Il culto delle radici o la totale noncuranza per il passato: non sono, questi, due mali apparentemente opposti che però coesistono nella patologia del presente? Dovremmo allora augurarci che il futuro ci porti a scegliere le parole con la massima cura e consapevolezza. Non per pedanteria: non è l’errore occa-
sionale che ci deve preoccupare, l’incertezza sulle “i” da mettere o non mettere in “efficienza” o in “beneficenza”. È il parlare inconsapevole, come viene viene.
Così, quando ci chiedono una parola per il futuro, magari rispondiamo d’istinto e non siamo ben consapevoli del genere di parola verso cui si orienta la nostra scelta. Scorrendo le risposte, vediamo che un genere molto diffuso è appunto quello delle parole-valore (“equilibrio”, “ottimismo”, “armonia”, “collaborazione”, ma anche “fluidità” o “tracciabilità”). Un secondo genere molto rappresentato è quello dei neologismi e delle invenzioni (“transumanesimo”, “turismo spaziale”, “inhackerabile”, “nutraceutica”), con incroci fra i due generi. “Soft skill” è, per esempio, sia un valore sia una (relativa) novità. Nel futuro quindi vediamo innanzitutto un possibile “contenitore” dei valori che ora mancano o sono presenti in misura insufficiente. In fondo è quasi ovvio, e comunque molto umano: se pensiamo che equilibrio, ottimismo, armonia oggi non siano sufficienti, si può solo sperare che saranno maggiormente presenti in futuro. In secondo luogo riteniamo che il futuro sia come la stazione d’arrivo delle tendenze presenti o comunque prevedibili. Invenzioni, neologismi, innovazioni sono le parole che l’oggi rivolge al domani.
La stessa parola “futuro” ha un passato, cioè un’origine. Ed è un’origine assai curiosa, perché mentre “passato” deriva da “passo” (il tempo come una strada su cui si cammina: il “passato” sono i luoghi che abbiamo già superato) e “presente” deriva dal verbo “essere”, “futuro” è proprio soltanto una categoria grammaticale.
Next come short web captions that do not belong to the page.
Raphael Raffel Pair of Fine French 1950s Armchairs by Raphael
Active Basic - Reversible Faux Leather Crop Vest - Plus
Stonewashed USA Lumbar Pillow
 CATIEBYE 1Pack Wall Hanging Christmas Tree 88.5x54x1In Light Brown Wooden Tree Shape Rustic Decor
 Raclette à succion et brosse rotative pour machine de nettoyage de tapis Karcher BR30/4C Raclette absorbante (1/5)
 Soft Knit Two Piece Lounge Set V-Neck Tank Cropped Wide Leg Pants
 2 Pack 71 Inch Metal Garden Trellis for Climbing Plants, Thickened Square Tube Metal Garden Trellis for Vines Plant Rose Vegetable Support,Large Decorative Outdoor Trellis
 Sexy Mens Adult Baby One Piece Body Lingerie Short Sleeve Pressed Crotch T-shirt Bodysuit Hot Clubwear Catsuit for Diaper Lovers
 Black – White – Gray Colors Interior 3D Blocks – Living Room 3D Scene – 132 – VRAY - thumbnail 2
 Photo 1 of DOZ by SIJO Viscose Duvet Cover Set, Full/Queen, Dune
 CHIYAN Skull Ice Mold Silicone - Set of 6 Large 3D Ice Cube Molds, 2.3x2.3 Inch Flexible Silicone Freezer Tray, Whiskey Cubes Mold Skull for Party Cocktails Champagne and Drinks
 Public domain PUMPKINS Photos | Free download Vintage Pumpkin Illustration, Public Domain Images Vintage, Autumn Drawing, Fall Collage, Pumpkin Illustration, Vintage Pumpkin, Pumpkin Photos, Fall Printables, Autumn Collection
Il latino “futūru(m)” è il participio futuro del verbo “essere”. Per questo all’inizio dicevo che «il futuro è una parola». Questo non deve scoraggiarci, non deve cioè farci pensare che il futuro non abbia sostanza, sia vaniloquio. Dobbiamo invece pensare al futuro come a un discorso da costruire, scegliendo le parole con cura e con quella consapevolezza sia delle loro radici sia del loro significato corrente che Primo Levi ci raccomandava.
Parlavo del successo di “allunare” e dell’insuccesso (al momento) di “ammartare”. Ogni neologismo ha qualcuno che lo ha coniato, nessun neologismo viene adottato da una società tramite decreto. Sono i parlanti – la loro media, il loro assieme – che determinano le novità, accettando o meno di far entrare un termine nell’uso collettivo. Quando un giornale sceglie di accettare o meno un neologismo, quando dedica un servizio a fatti di linguaggio, quando sottolinea e spiega una novità del vocabolario sta delineando le parole del futuro, proponendole alla comunità dei suoi lettori. Lo può fare in tanti modi. Certo, è consigliabile farlo con armonia, equilibrio e – anche e soprattutto – ottimismo.